IF wildmatch('$(sheetName)', 'Sales*') THEN
LOAD .....
END IF


How about this case? I want to load any sheet that contains the three columns "Sales", "Year" and "Quarter":

columns:
SQLColumns; // Get list of columns
// Join list with columns of interest
RIGHT JOIN (columns) LOAD *;
LOAD * INLINE [

COLUMN_NAME
Quarter
Sales

Year
]
;

// Create a count of how many columns of interest each sheet has
selectSheets:
LOAD TABLE_NAME as SheetName, count(*) as count
RESIDENT columns
GROUP BY TABLE_NAME
;
// Keep only the SheetName that have all 3 columns
RIGHT JOIN
LOAD SheetName
RESIDENT selectSheets
WHERE count = 3


// Load the selected sheets
FOR i = 0 to NoOfRows('selectSheets')-1
LET sheetName = purgeChar(peek('SheetName', i, 'selectSheets'), chr(39));
LOAD....
NEXT


You may wonder if you could use the Excel Driver instead of the Jet provider like this:

CONNECT TO [Provider=MSDASQL;Driver={Microsoft Excel Driver (*.xls)};DBQ=workbook.xls];

The connection will complete and you can use this connection for SQL SELECTs.

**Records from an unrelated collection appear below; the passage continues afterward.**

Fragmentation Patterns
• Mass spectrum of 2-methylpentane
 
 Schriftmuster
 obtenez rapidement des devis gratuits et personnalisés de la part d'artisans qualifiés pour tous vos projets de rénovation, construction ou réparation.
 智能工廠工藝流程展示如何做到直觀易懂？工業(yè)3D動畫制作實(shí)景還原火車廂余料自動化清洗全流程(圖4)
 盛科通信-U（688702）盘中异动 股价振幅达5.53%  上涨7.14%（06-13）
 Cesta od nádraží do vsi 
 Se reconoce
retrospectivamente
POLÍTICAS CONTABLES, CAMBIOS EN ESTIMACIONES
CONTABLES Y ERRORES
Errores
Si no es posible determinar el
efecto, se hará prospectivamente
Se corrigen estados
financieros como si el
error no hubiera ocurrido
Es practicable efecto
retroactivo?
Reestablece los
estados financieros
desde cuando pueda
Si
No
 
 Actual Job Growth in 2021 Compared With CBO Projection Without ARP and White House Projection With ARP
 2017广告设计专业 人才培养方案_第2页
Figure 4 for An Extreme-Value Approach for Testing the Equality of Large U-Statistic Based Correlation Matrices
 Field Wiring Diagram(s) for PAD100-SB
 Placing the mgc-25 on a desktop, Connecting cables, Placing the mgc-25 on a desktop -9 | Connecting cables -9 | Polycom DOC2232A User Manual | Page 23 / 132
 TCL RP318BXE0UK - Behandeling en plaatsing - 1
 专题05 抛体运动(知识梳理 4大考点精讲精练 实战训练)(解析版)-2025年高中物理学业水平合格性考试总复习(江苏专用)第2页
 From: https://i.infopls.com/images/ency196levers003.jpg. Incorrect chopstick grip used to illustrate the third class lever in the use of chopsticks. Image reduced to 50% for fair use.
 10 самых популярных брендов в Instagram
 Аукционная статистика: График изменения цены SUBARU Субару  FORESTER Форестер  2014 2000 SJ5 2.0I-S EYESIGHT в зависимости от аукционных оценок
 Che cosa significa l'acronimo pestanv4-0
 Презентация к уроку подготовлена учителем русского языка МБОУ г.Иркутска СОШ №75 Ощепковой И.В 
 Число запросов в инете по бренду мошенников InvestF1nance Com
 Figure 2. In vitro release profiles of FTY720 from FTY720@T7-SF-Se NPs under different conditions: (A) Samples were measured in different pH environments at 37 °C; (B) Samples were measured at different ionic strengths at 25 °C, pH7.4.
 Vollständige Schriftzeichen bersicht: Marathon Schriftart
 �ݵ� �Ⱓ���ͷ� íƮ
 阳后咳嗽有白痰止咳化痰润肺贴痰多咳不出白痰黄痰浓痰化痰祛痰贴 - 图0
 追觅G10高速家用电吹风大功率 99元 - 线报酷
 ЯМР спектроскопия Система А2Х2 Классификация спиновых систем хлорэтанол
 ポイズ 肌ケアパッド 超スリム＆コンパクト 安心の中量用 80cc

However, when SQLTables is called, the connection will enumerate tables/columns for all the *.xls files in the current directory.

This provider uses the parameter "DefaultDir=" (default is .) to control which directory is enumerated for SQLTables and SQLColumns calls. The DBQ parm plays no part. You may find this useful as an alternative to using a traditional "for each filelist..." loop to process multiple files.

Complete text of the examples presented here can be found in the QV Cookbook at:
http://robwunderlich.com/Download.html)


4 comments:

count Nazgul said...

Many thanks for this post! It was very helpfully for me! Thanks again!

Arun Kumar said...

For more information on For each loop enumerators (Foreach ADO.NET Schema Rowset Enumerator using Excel Sheets) and programming integration service (SSIS) using C# .Net and VB .Net, please visit the below link:
http://www.sqllion.com/2009/06/programming-foreach-loop-container-%e2%80%93-enumerating-excel-sheets/

thefourth said...

I was trying to load sheets from a XLSM file but it show error with:
tables:
SQLtables;

The error it shows in debug is:
ScriptErrorCount 1
ScriptErrorDetails "Error en la conexión OLEDB"
ScriptErrorList General Error
ScriptError General Error

Do you know how to avoid it?
Thanks

Anonymous said...

I see this is a couple of years old, but I wanted you to know that it's still helping people. Thanks for the work you put into this.